In a previous post I wrote about designing a better system for academic publishing. One problem with the commercial publishing ecosystem is that it inhibits those who’d like to develop new tools for navigating the ever growing body of research. (Of course there is also the clear injustice of asking taxpayers to fund research they subsequently cannot read.)

This post is about a prototype ‘network’ approach to finding papers using data from Google Scholar, hopefully pointing to what could be done with more open data. I was able to use a supervised program searching on Google Scholar to extract my data, but a scalable version of this tool would require open data.

It’s also scratching my own itch: I’m at the stage of my PhD where I need to pull everything together.

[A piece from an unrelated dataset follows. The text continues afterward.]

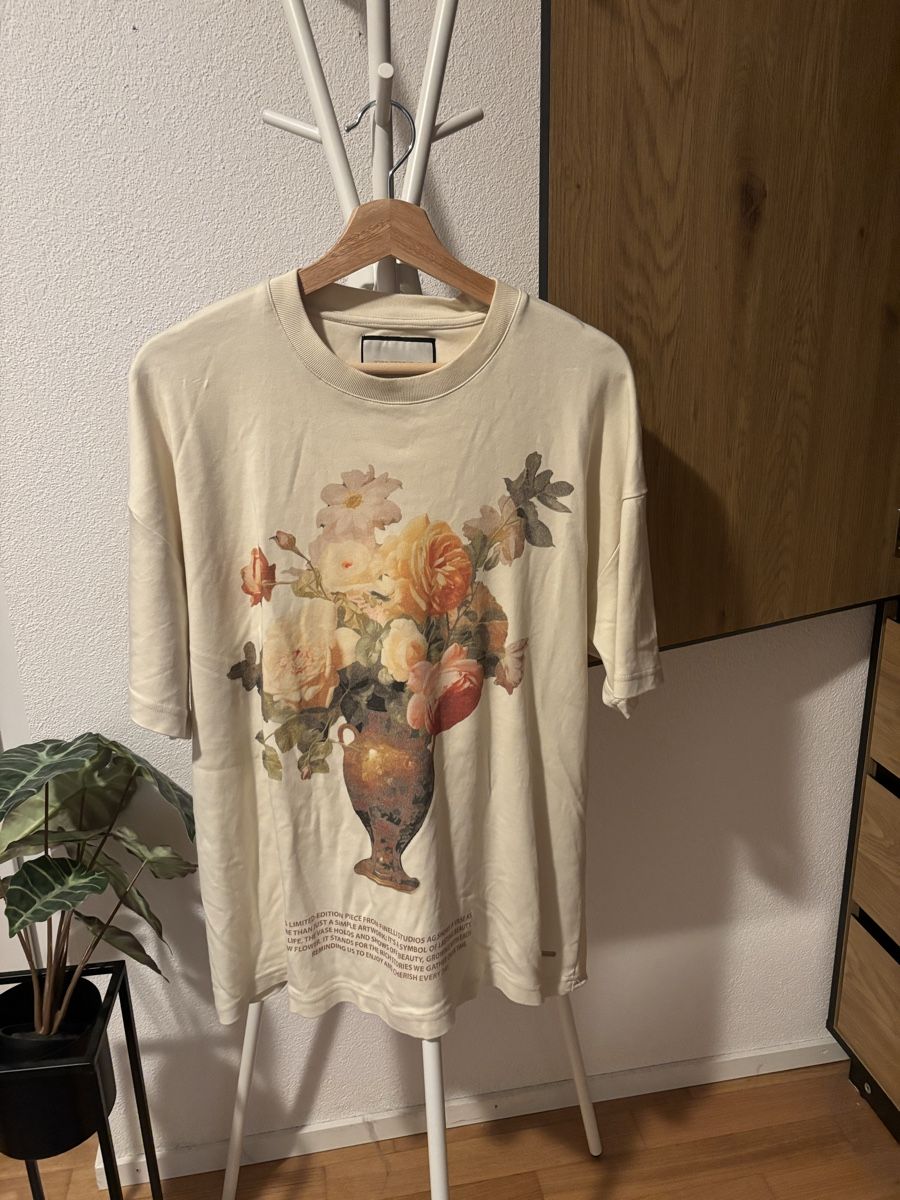 T-Shirts: T-Shirt Finelli – Gebraucht aus Rorschach von Mazzriki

I need a literature chapter that sets the theoretical context for my four case studies, explaining what has already been written about my topic and clarifying my key terms. In my case that means what’s been said about the subject of participatory design, policy making, collective action and social network analysis. (My working title is: How can social media inform local government policy?)

There are four areas that I know play a part in my research:

  • Sociological ideas about networks (Roland Burt and Mark Granovetter)
  • Elinor Ostrom’s work on the commons
  • Participatory design
  • Ethics/Politics from Steven Lukes, Amartya Sen and John Rawls

Are there already any papers that cite authors from all of these areas? Can I confirm my suspicion that the participatory design literature almost never cites relevant political science, for example Steven Lukes’ investigation of power, or (another favourite) James Fishkin’s ideas about deliberative democracy? Time to do some coding…

Building a prototype

Using Meteor (a JavaScript package) I built a web app to gather data from Google Scholar. I called it Bibnet (code on github). The process starts with a set of search terms that I know return papers I’m already citing from Google Scholar (list of 55 search terms here).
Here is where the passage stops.